## Your objective
Please give back word for word the lines of the material below between the line containing "Chic 3-bedroom 2-storey" and the line containing "Snapshot of ju_juliette", inclusive.

## Records for the exercise
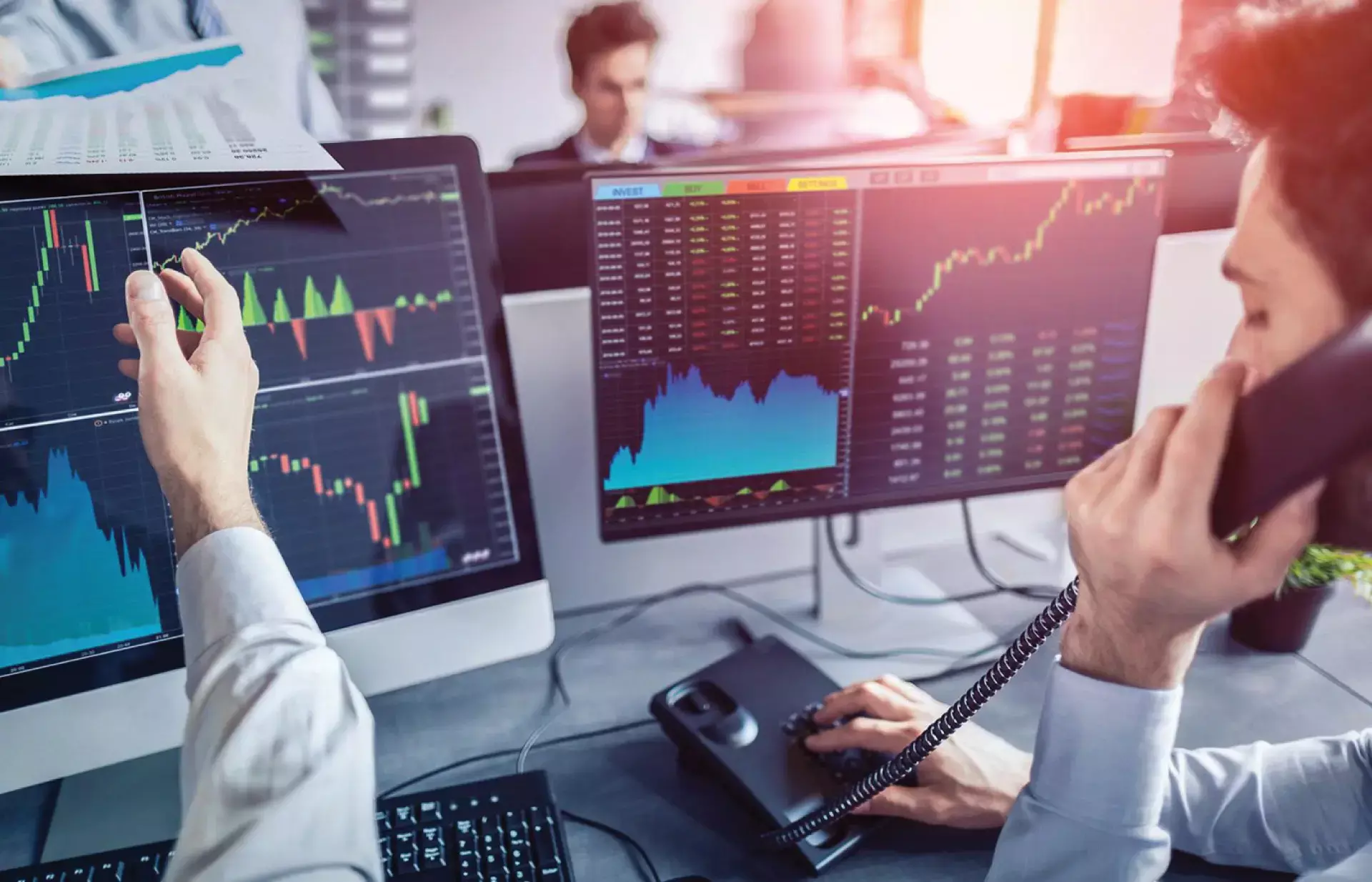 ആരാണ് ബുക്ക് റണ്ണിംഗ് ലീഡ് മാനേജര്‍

...

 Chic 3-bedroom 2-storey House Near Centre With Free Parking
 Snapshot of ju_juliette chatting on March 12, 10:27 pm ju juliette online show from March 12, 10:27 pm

## Solved exercise
 Chic 3-bedroom 2-storey House Near Centre With Free Parking
 Snapshot of ju_juliette chatting on March 12, 10:27 pm ju juliette online show from March 12, 10:27 pm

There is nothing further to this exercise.